### Problem
Where the records below reach the line containing "Fille blonde en", start transcribing, and end with the line containing "The Cartier Tank", exactly and with nothing else added.

### Provided data

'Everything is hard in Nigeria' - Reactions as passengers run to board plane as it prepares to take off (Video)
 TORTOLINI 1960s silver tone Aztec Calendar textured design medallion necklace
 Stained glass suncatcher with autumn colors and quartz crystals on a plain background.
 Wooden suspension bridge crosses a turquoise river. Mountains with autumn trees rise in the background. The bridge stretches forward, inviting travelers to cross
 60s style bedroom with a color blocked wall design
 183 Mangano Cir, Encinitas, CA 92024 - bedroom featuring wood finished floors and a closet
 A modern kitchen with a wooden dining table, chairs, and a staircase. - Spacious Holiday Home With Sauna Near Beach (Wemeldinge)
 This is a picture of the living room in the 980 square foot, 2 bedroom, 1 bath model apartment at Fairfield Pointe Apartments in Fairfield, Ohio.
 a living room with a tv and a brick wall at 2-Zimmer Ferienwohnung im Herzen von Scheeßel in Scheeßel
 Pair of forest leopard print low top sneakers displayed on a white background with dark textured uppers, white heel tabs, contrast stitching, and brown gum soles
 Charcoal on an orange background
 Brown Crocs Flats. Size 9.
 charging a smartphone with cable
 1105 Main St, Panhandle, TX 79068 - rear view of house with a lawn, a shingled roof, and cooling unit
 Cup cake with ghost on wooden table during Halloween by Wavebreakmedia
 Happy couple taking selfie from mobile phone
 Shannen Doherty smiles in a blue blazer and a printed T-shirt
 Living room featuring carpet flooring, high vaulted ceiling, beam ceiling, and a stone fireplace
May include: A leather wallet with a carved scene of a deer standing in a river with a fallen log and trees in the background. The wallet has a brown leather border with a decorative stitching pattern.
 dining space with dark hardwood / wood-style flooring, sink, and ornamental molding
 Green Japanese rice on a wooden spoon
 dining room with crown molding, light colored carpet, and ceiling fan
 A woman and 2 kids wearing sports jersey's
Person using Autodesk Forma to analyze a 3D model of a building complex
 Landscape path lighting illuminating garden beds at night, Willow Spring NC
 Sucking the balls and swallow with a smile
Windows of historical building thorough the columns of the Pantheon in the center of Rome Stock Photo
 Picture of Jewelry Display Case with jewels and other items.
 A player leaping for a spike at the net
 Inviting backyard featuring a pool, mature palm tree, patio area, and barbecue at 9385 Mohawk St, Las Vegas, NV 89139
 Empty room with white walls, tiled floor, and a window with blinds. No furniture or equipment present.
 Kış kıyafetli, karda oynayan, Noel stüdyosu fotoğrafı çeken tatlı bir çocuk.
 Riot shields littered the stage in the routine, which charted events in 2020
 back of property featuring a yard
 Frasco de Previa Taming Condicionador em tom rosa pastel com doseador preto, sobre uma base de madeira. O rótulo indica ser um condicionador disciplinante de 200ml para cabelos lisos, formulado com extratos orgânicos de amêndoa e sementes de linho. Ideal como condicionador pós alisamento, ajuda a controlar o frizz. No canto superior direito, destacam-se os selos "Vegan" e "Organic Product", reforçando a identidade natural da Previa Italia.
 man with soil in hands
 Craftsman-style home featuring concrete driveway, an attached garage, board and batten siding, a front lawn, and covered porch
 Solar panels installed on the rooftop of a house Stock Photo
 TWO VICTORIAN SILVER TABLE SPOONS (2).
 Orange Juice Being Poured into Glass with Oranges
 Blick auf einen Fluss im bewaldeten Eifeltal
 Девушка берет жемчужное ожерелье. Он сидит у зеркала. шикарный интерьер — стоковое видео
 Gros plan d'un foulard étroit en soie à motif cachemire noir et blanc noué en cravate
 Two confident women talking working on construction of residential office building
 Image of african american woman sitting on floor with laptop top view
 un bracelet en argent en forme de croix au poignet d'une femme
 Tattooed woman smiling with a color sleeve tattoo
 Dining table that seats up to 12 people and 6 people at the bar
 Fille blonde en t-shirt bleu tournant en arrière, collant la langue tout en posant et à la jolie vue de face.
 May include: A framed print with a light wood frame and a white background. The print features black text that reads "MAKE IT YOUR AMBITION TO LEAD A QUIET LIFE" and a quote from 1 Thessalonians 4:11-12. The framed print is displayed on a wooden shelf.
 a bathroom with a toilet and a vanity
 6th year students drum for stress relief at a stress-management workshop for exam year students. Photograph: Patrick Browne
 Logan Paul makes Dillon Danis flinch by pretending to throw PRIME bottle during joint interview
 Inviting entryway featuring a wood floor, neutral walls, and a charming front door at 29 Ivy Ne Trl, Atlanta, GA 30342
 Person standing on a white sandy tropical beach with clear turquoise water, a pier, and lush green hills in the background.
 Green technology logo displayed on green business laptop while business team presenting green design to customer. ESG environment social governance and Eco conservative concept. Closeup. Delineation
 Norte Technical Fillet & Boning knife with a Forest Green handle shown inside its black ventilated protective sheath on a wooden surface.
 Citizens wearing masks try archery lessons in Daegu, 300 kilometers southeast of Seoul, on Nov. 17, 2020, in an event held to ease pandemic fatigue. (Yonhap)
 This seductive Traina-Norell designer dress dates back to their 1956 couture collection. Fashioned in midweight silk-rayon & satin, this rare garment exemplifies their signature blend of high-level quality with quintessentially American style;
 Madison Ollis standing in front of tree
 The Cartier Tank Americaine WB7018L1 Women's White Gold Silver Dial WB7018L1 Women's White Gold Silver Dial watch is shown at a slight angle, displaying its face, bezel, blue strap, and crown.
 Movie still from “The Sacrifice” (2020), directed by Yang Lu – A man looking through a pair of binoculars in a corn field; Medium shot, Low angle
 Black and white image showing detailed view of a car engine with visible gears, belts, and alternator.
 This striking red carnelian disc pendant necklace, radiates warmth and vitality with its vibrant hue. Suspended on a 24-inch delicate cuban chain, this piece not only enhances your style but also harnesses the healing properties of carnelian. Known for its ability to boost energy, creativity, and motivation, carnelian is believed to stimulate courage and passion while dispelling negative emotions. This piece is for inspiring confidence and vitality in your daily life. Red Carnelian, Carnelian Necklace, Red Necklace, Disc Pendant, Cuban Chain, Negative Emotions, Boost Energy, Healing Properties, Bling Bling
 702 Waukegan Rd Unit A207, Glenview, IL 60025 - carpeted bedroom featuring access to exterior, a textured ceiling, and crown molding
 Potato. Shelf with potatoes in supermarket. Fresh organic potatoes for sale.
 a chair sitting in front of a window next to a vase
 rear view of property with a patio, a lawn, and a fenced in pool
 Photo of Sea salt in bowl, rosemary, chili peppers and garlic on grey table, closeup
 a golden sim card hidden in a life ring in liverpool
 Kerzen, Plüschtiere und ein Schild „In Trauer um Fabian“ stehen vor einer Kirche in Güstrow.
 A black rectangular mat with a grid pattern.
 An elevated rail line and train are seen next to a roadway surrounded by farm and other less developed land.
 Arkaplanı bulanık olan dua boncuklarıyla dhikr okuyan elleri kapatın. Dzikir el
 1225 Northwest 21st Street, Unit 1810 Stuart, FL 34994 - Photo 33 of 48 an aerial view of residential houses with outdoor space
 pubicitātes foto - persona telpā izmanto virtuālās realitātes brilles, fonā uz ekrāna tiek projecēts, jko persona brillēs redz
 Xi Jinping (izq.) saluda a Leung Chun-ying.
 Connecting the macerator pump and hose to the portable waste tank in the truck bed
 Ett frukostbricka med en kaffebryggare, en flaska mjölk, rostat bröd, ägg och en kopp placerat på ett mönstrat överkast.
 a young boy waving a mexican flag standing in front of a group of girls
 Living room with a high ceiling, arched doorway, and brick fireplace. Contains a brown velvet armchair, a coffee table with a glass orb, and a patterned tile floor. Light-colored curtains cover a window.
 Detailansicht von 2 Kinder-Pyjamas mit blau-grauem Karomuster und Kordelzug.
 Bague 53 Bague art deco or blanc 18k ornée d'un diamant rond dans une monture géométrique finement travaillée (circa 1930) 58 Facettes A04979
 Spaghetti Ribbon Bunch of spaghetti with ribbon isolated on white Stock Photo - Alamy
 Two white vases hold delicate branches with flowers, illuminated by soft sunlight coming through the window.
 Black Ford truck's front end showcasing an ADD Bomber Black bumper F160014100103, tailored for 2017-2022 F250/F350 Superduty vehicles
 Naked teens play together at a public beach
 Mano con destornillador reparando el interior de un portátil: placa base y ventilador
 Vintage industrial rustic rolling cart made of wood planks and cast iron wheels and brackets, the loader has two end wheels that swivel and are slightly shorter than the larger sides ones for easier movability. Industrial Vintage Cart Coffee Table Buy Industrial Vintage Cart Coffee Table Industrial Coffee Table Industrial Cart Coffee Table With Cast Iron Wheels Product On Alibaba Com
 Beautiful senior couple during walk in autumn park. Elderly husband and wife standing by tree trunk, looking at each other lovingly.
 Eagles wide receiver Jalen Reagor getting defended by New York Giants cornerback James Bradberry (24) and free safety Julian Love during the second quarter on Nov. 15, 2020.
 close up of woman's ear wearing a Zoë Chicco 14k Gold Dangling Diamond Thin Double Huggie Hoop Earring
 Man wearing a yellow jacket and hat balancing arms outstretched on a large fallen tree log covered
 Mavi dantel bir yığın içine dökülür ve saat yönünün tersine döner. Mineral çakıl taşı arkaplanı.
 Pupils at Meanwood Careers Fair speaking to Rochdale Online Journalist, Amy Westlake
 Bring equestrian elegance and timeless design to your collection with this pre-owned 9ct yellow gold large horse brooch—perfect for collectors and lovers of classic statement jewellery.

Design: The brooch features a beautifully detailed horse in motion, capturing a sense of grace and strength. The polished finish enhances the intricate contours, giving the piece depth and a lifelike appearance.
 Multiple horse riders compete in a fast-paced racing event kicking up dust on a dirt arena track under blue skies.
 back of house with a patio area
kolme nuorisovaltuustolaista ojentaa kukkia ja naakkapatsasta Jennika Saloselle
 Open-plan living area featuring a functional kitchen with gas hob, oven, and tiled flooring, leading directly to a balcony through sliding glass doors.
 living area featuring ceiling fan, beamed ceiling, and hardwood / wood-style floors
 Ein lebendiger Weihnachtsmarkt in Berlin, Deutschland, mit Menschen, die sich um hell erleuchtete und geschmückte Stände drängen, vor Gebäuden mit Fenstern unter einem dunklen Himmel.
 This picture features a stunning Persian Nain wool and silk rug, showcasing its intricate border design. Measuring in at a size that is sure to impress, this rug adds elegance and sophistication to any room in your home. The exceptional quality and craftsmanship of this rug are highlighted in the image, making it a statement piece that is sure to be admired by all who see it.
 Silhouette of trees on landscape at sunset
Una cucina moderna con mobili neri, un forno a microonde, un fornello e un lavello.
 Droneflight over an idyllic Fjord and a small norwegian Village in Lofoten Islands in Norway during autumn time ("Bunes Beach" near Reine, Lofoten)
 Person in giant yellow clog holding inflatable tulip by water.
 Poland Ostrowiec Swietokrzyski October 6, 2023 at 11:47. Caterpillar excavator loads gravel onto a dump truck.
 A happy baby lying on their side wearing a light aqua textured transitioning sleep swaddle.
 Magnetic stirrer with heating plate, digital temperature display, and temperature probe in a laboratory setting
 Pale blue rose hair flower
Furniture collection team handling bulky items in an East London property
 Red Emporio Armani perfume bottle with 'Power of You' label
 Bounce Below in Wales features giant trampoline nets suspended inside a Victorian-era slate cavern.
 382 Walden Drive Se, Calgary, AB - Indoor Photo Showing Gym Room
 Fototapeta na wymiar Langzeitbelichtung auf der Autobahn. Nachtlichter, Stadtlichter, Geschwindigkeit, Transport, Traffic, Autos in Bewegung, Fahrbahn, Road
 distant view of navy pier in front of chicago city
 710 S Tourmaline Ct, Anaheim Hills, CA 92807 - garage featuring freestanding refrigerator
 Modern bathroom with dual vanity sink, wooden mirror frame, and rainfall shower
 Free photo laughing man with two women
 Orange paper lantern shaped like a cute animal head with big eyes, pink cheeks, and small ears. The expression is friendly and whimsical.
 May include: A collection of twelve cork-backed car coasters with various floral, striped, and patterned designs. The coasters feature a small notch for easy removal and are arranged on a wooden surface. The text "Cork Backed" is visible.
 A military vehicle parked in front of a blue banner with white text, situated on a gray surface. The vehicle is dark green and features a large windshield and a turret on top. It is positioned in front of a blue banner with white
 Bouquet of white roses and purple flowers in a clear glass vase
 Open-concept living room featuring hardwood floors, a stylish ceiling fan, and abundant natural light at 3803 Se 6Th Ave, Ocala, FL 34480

### Solution for this problem
 Fille blonde en t-shirt bleu tournant en arrière, collant la langue tout en posant et à la jolie vue de face.
 May include: A framed print with a light wood frame and a white background. The print features black text that reads "MAKE IT YOUR AMBITION TO LEAD A QUIET LIFE" and a quote from 1 Thessalonians 4:11-12. The framed print is displayed on a wooden shelf.
 a bathroom with a toilet and a vanity
 6th year students drum for stress relief at a stress-management workshop for exam year students. Photograph: Patrick Browne
 Logan Paul makes Dillon Danis flinch by pretending to throw PRIME bottle during joint interview
 Inviting entryway featuring a wood floor, neutral walls, and a charming front door at 29 Ivy Ne Trl, Atlanta, GA 30342
 Person standing on a white sandy tropical beach with clear turquoise water, a pier, and lush green hills in the background.
 Green technology logo displayed on green business laptop while business team presenting green design to customer. ESG environment social governance and Eco conservative concept. Closeup. Delineation
 Norte Technical Fillet & Boning knife with a Forest Green handle shown inside its black ventilated protective sheath on a wooden surface.
 Citizens wearing masks try archery lessons in Daegu, 300 kilometers southeast of Seoul, on Nov. 17, 2020, in an event held to ease pandemic fatigue. (Yonhap)
 This seductive Traina-Norell designer dress dates back to their 1956 couture collection. Fashioned in midweight silk-rayon & satin, this rare garment exemplifies their signature blend of high-level quality with quintessentially American style;
 Madison Ollis standing in front of tree
 The Cartier Tank Americaine WB7018L1 Women's White Gold Silver Dial WB7018L1 Women's White Gold Silver Dial watch is shown at a slight angle, displaying its face, bezel, blue strap, and crown.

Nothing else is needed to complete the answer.